I believe ruby's String#squish is closer to what you're really looking for:

Here is how I would handle your example:

def distinct_count
<<-SQL.squish
SELECT
CAST('#{name}' AS VARCHAR(30)) as COLUMN_NAME,
COUNT(DISTINCT #{name}) AS DISTINCT_COUNT
FROM #{table.call}
SQL
end

Some other answers find the indentation level of the least indented line, and delete that from all lines, but considering the nature of indentation in programming (that the first line is the least indented), I think you should look for the indentation level of the first line.

class String
def unindent; gsub(/^#{match(/^\s+/)}/, "") end
end

another easy to remember option is to use unindent gem

require 'unindent'


p <<-end.unindent
hello
world
end
# => "hello\n  world\n"

The <<- form of heredoc only ignores leading whitespace for the end delimiter.

With Ruby 2.3 and later you can use a squiggly heredoc (<<~) to suppress the leading whitespace of content lines:

def test
<<~END
First content line.
Two spaces here.
No space here.
END
end


test
# => "First content line.\n  Two spaces here.\nNo space here.\n"

From the Ruby literals documentation:

The indentation of the least-indented line will be removed from each line of the content. Note that empty lines and lines consisting solely of literal tabs and spaces will be ignored for the purposes of determining indentation, but escaped tabs and spaces are considered non-indentation characters.

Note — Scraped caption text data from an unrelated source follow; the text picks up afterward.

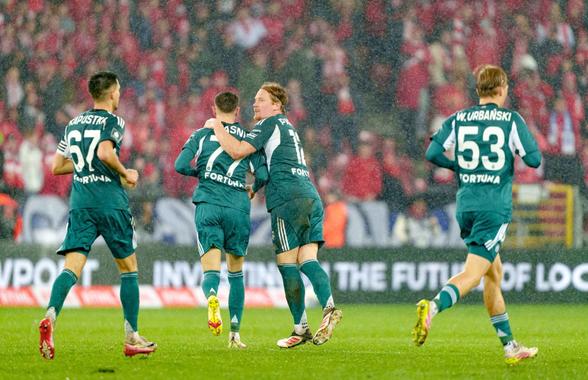 Cel mai „nebun” campionat din Europa » Câte puncte sunt între primele 14 clasate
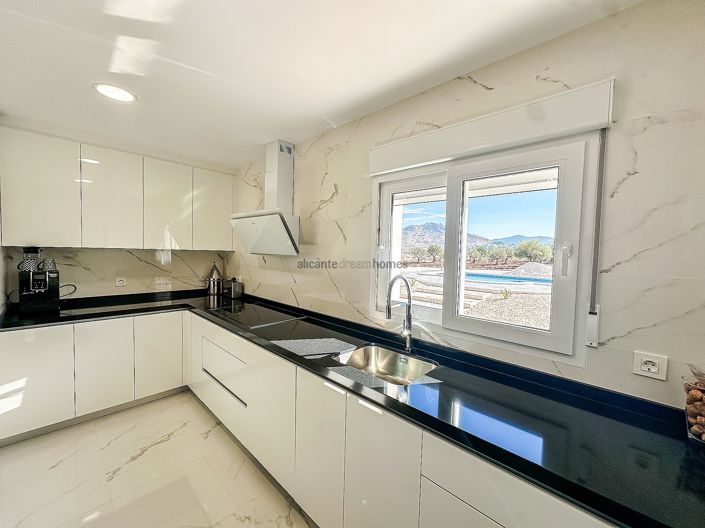 Image No.5-4 Bed Villa for sale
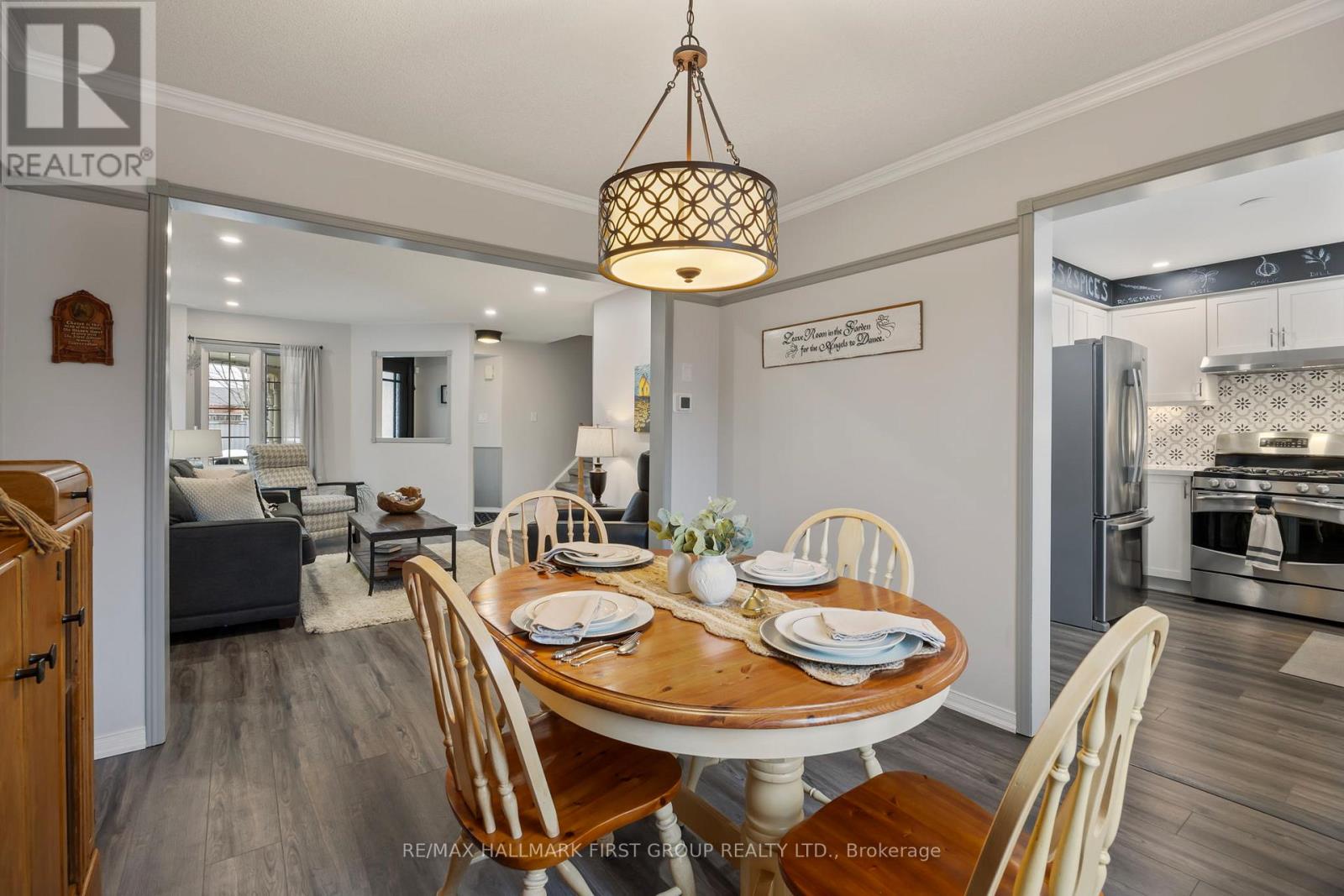 5 KNOX CRESCENT, Whitby (Brooklin), Ontario, L1M1C8 — Photo 9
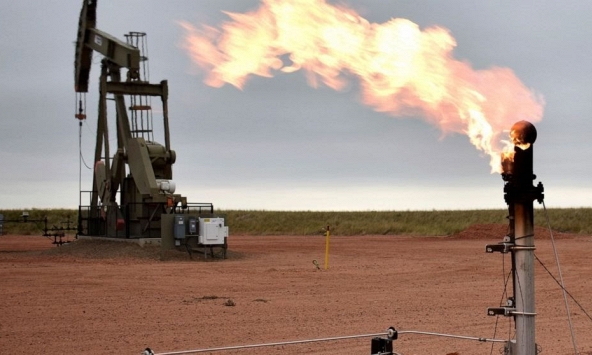 Giá xăng dầu tại Mỹ tăng kỷ lục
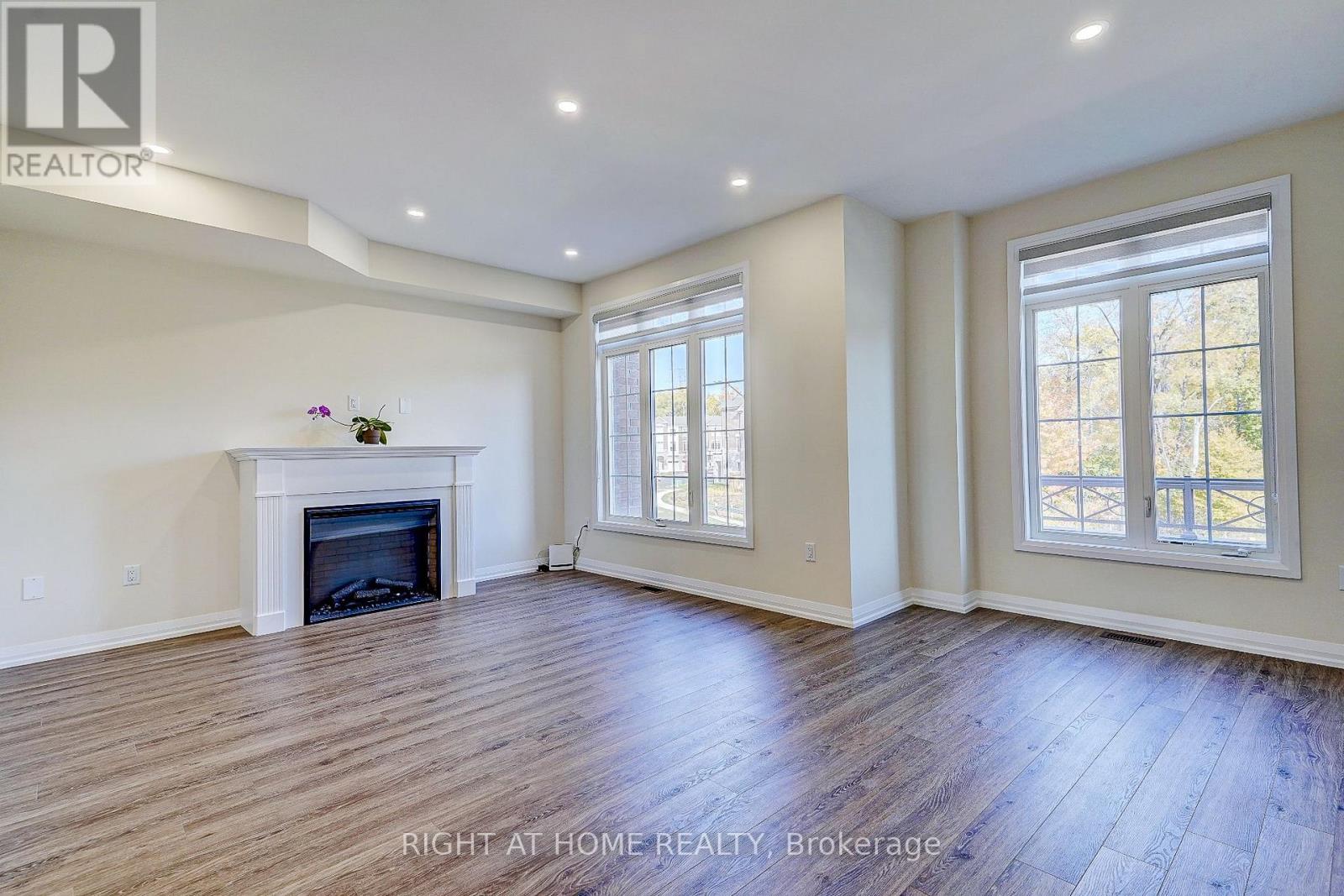 29 Coote Court N, Ajax, Ontario  L1T 0P5 - Photo 4 - E13014992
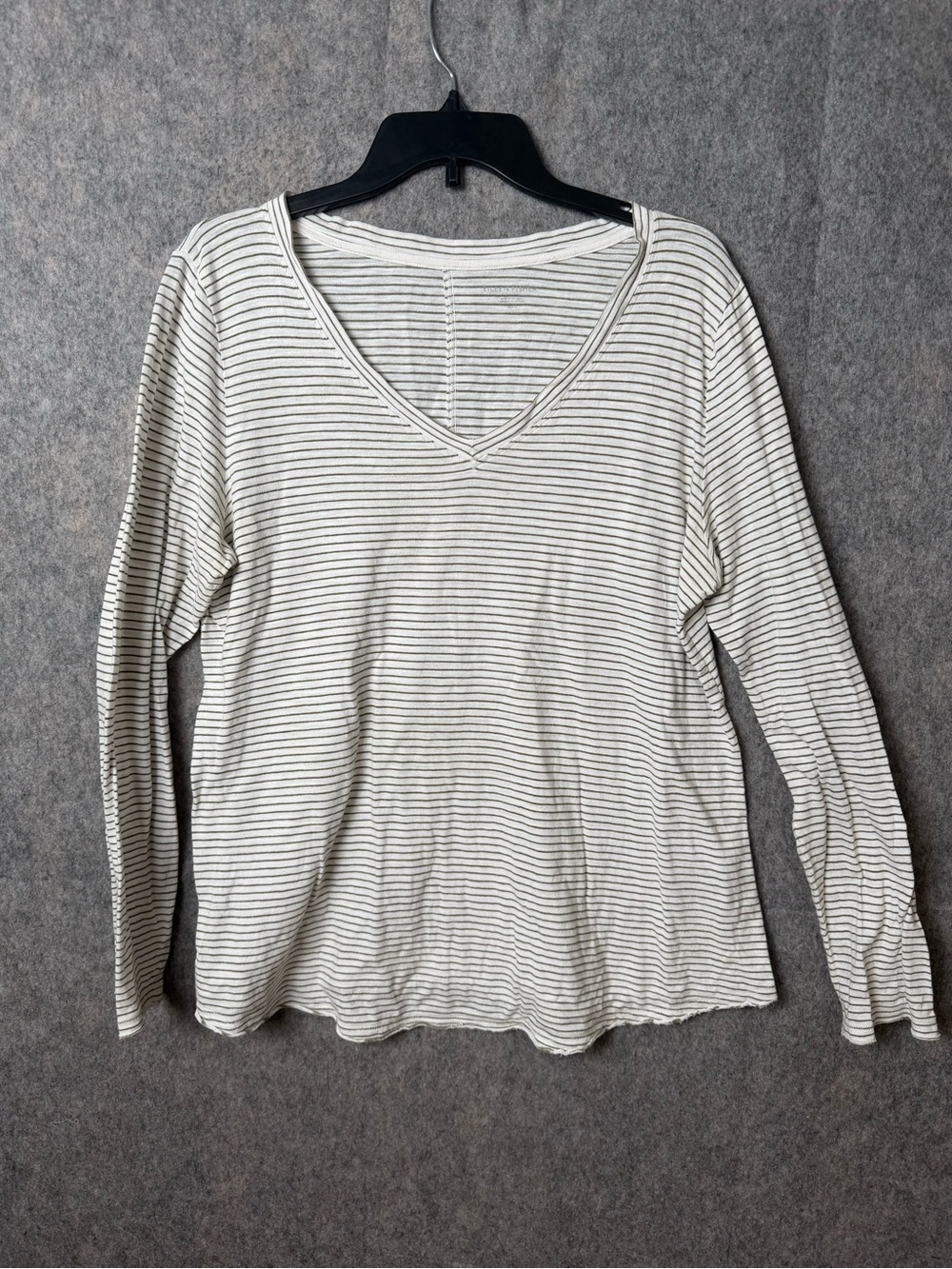 Eileen Fisher Women's medium Striped V-Neck Long Sleeve Top
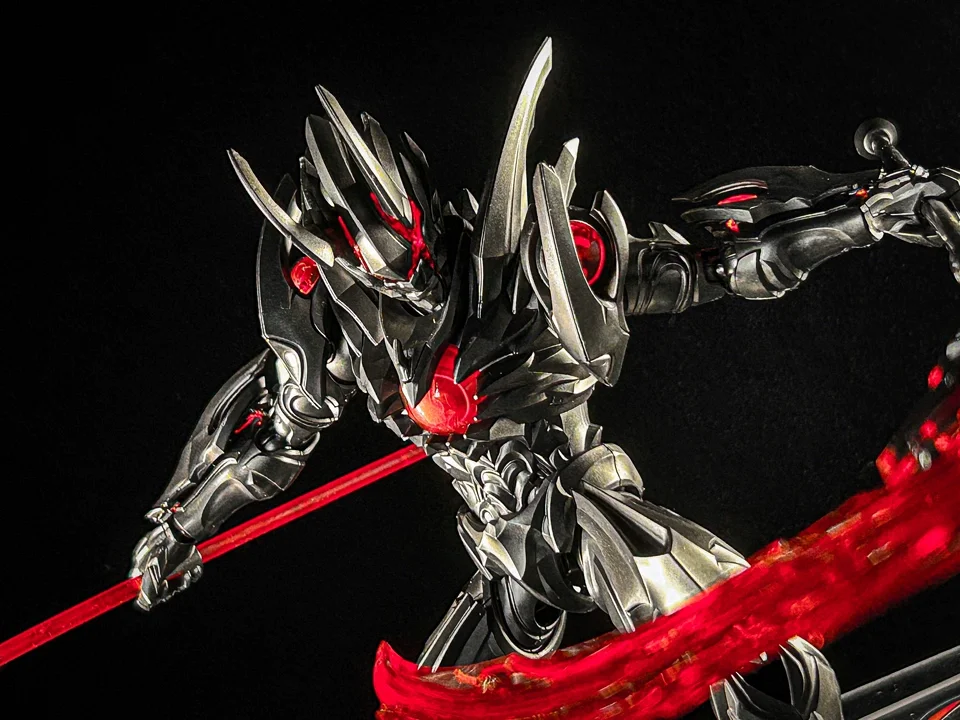 

New Keeppley Ultraman Monster Dark Lugiel Toy Special Edition Handmade Assembly Action Customized Gifts Figure Toy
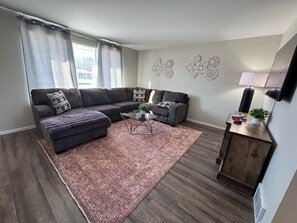 Living area - Room for Everyone - Close to University & Hospital (Thunder Bay)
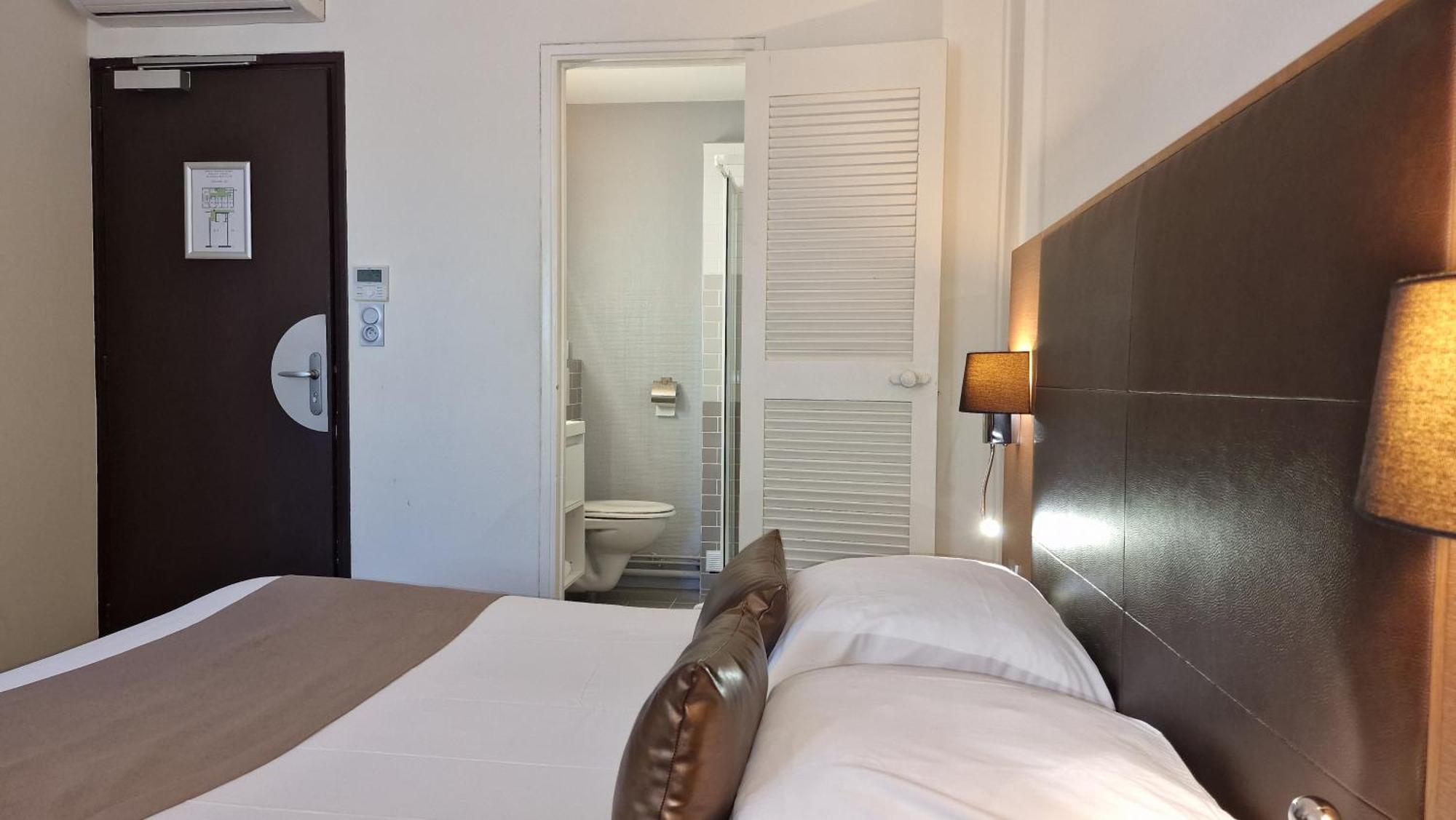 Hotel Restaurant Du Centre Et Du Lauragais 카스텔나우다리 외부 사진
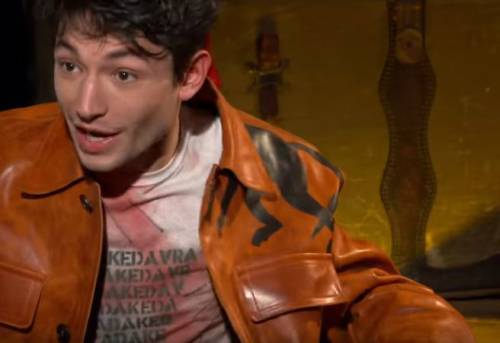 에즈라 밀러는&nbsp;인종차별적 질문을&nbsp;받은 수현보다 더 정색해&nbsp;키얼스티 플라를 무안하게 만들었다.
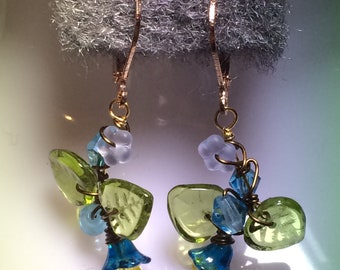 Herbst Wickeln Ohrringe mit tschechischen Glas Blume Perlen und Kristalle. E00348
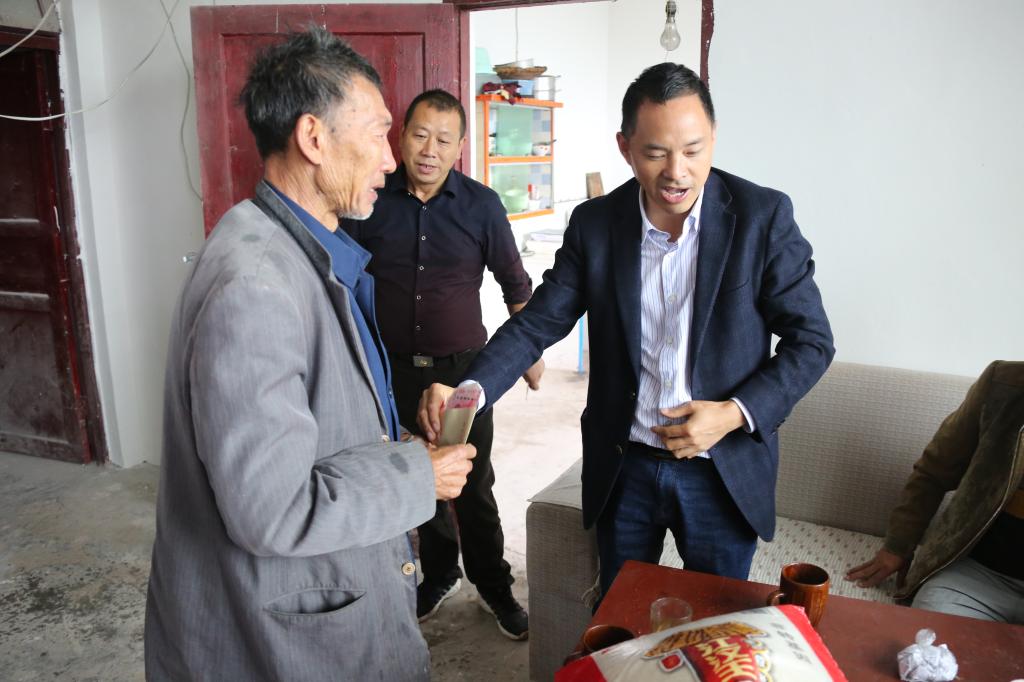 走访慰问退伍军人(贫困户)赵及权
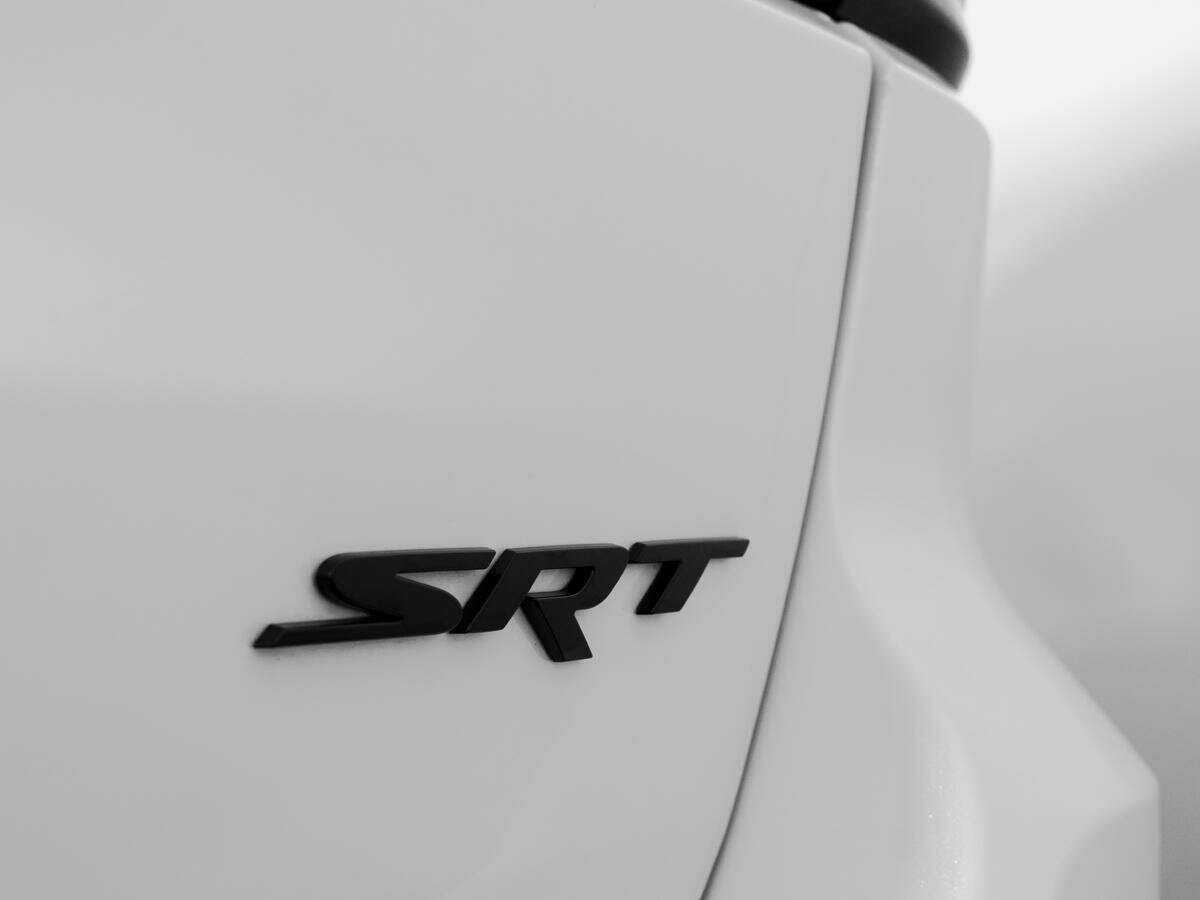Jeep Grand Cherokee SRT, 2020 Фото №21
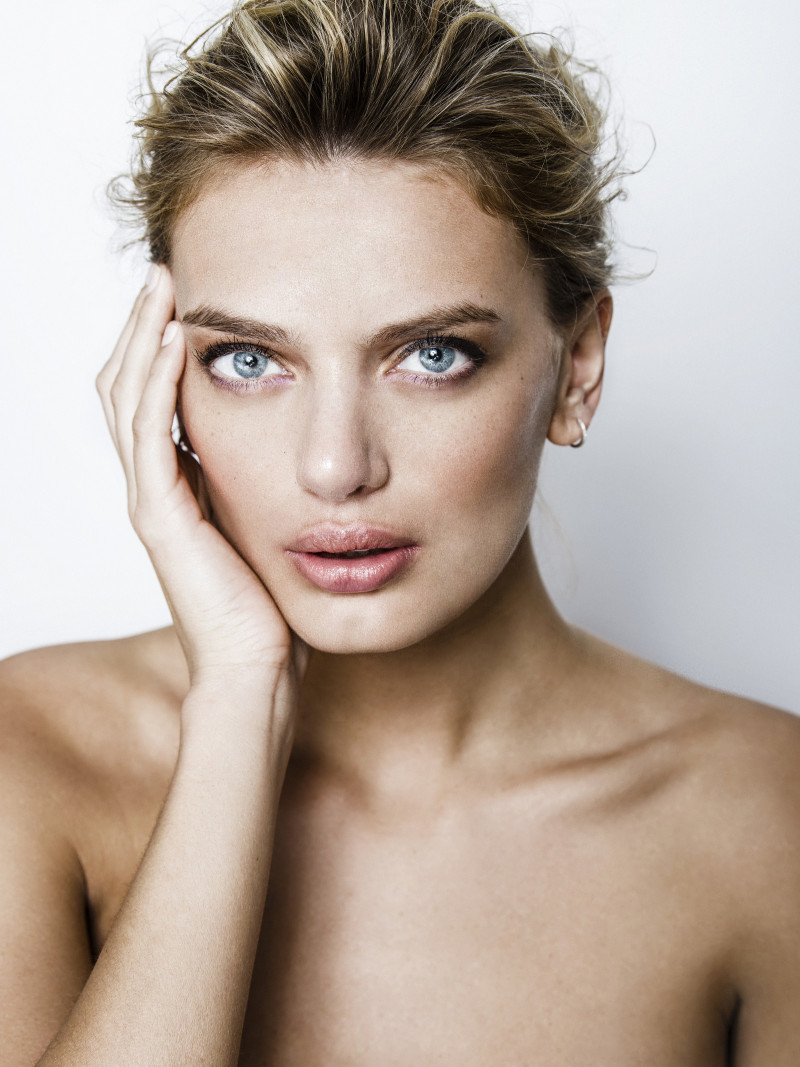 Photo of model Bregje Heinen - ID 583946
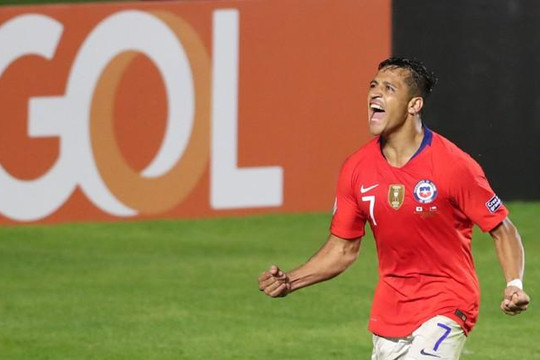 Sanchez có bàn thắng thứ 2 tại Copa America giúp Chile vượt qua vòng bảng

I collect answers and got this:

class Match < ActiveRecord::Base
has_one :invitation
scope :upcoming, -> do
joins(:invitation)
.where(<<-SQL_QUERY.strip_heredoc, Date.current, Date.current).order('invitations.date ASC')
CASE WHEN invitations.autogenerated_for_round IS NULL THEN invitations.date >= ?
ELSE (invitations.round_end_time >= ? AND match_plays.winner_id IS NULL) END
SQL_QUERY
end
end

It generates excellent SQL and do not go out of AR scopes.

I needed to use something with system whereby I could split long sed commands across lines and then remove indentation AND newlines...

def update_makefile(build_path, version, sha1)
system <<-CMD.strip_heredoc(true)
\\sed -i".bak"
-e "s/GIT_VERSION[\ ]*:=.*/GIT_VERSION := 20171-2342/g"
-e "s/GIT_VERSION_SHA1[\ ]:=.*/GIT_VERSION_SHA1 := 2342/g"
"/tmp/Makefile"
CMD
end

So I came up with this:

class ::String
def strip_heredoc(compress = false)
stripped = gsub(/^#{scan(/^\s*/).min_by(&:length)}/, "")
compress ? stripped.gsub(/\n/," ").chop : stripped
end
end

Default behavior is to not strip newlines, just like all the other examples.